Python Implementation

Import Libraries

import cv2 as cv
import numpy as np

Load the Model

# Load segmentation model (ENet example)
model = 'Enet-model-best.net'
net = cv.dnn.readNet(model)
net.setPreferableBackend(cv.dnn.DNN_BACKEND_OPENCV)
net.setPreferableTarget(cv.dnn.DNN_TARGET_CPU)

# Load class names
classes = None
with open('enet-classes.txt', 'rt') as f:
    classes = f.read().rstrip('\n').split('\n')

Generate or Load Colors

# Generate random colors for each class
np.random.seed(324)
colors = None

# Option 1: Generate colors automatically
def generate_colors(num_classes):
    colors = [np.array([0, 0, 0], np.uint8)]
    for i in range(1, num_classes):
        colors.append((colors[i - 1] + np.random.randint(0, 256, [3], np.uint8)) / 2)
    return colors

# Option 2: Load predefined colors from file
colors_file = 'colors.txt'
with open(colors_file, 'rt') as f:
    colors = [np.array(color.split(' '), np.uint8) for color in f.read().rstrip('\n').split('\n')]

Prepare Input Image

# Read input image
frame = cv.imread('image.jpg')
frameHeight, frameWidth = frame.shape[:2]

# Create blob from image
# ENet uses 512x256 input with scale 1/255
blob = cv.dnn.blobFromImage(frame, 1.0/255.0, (512, 256), [0, 0, 0], True, crop=False)

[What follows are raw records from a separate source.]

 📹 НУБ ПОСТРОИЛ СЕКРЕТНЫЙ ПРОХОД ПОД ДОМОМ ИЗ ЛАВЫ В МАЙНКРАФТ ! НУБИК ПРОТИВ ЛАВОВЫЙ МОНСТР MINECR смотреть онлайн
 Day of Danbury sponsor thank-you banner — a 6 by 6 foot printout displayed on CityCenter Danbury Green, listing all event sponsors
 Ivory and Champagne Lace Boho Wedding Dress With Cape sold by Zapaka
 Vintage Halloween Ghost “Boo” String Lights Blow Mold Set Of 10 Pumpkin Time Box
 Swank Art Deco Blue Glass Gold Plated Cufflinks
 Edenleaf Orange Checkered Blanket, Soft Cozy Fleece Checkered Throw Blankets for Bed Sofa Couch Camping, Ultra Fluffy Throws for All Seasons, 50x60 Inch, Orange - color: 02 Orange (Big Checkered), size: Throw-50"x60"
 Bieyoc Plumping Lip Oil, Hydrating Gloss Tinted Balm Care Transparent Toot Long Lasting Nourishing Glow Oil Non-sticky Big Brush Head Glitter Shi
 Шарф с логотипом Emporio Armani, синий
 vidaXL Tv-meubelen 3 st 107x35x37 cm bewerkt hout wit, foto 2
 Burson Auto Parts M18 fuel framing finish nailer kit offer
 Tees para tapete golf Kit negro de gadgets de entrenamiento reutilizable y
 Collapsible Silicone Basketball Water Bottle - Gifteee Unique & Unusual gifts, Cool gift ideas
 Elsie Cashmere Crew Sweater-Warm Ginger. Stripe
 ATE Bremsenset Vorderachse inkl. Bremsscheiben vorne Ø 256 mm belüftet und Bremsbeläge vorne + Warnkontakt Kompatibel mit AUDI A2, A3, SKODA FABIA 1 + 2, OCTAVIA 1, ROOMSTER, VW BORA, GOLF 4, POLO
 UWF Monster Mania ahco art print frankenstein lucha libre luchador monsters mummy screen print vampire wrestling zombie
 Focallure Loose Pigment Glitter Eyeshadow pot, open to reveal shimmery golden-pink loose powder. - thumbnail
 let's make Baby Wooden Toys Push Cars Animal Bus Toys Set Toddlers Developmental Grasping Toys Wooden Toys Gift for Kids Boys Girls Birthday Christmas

Different segmentation models require different input sizes:

ENet: 512x256
FCN-8s: 500x500
FCN-ResNet101: 500x500

Run Inference

# Set input blob
net.setInput(blob)

# Forward pass to get score map
score = net.forward()

# score shape: [1, num_classes, height, width]
numClasses = score.shape[1]
height = score.shape[2]
width = score.shape[3]

Post-process Segmentation Map

# Generate colors if not loaded
if not colors:
    colors = [np.array([0, 0, 0], np.uint8)]
    for i in range(1, numClasses):
        colors.append((colors[i - 1] + np.random.randint(0, 256, [3], np.uint8)) / 2)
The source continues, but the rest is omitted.